Zhou R(1), Liu R(2), Li W(2), Wang Y(1), Wan X(1), Song N(1), Yu Y(1), Xu J(3), Bu Y(4), Zhang A(5).
Author information:
(1)Nanjing Institute of Environmental Science, Ministry of Ecology and Environment, Nanjing, 210042, China; Key Laboratory of Pesticide Environmental Assessment and Pollution Control, Ministry of Ecology and Environment, Nanjing, 210042, China.
(2)Nanjing Institute of Environmental Science, Ministry of Ecology and Environment, Nanjing, 210042, China.
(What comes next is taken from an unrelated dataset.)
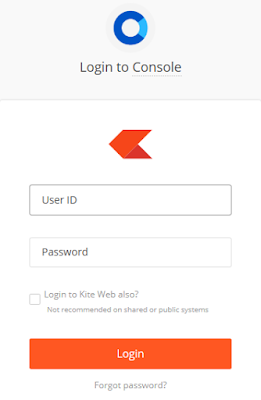 Zerodha Console Login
(3)Nanjing Institute of Environmental Science, Ministry of Ecology and Environment, Nanjing, 210042, China; College of Forestry, Co-Innovation Center for Sustainable Forestry in Southern China, Nanjing Forestry University, Nanjing, 210037, China.
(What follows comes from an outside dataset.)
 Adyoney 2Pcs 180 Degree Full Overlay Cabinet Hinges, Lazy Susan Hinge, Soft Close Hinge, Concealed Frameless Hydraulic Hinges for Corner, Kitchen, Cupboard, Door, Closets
(4)Nanjing Institute of Environmental Science, Ministry of Ecology and Environment, Nanjing, 210042, China; Key Laboratory of Pesticide Environmental Assessment and Pollution Control, Ministry of Ecology and Environment, Nanjing, 210042, China; Jiangsu Collaborative Innovation Center of Atmospheric Environment and Equipment Technology, Nanjing University of Information Science & Technology, Nanjing, 210044, China. Electronic address: [Email]
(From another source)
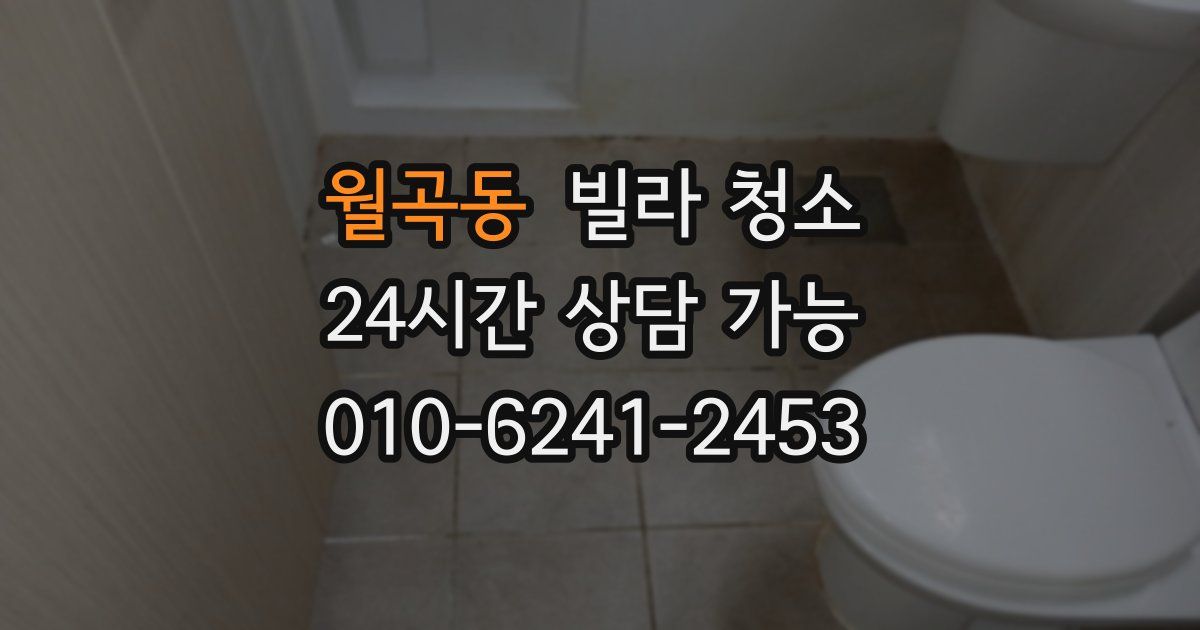 월곡동 빌라 청소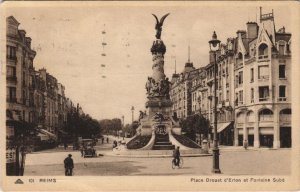 CPA REIMS place Drouet d'Erlons Fontaine Sube (991048)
(5)Nanjing Institute of Environmental Science, Ministry of Ecology and Environment, Nanjing, 210042, China. Electronic address: [Email]

Abstract

In this work, Caenorhabditis elegans was employed as an in vivo model to determine the toxic effects of atrazine at different concentrations. After the exposure period from the larval stage L1 to adulthood day 1, atrazine (10 mg/L) significantly decreased the body length and lifespan of nematodes. In addition, exposure to ≥0.01 mg/L atrazine remarkably increased the intestinal reactive oxygen species (ROS) levels and reduced locomotion behavior of nematodes, while exposure to ≥ 1 mg/L atrazine decreased the brood size of nematodes. Moreover, atrazine (0.001-0.1 mg/L) upregulated the expression levels of hsp-6::GFP and hsp-6/60 in nematodes, indicating the activation of mitochondrial unfolded protein response (mtUPR). On the contrary, atrazine (1-10 mg/L) downregulated the expression levels of hsp-6::GFP and hsp-6/60 in nematodes. Furthermore, mtUPR induction governed by the RNAi knockdown of atfs-1 could increase the vulnerability of nematodes against atrazine toxicity. Overall, our findings highlighted the dynamic responses of nematodes toward different concentrations of atrazine, which could be monitored using different sublethal endpoints as bioindicators.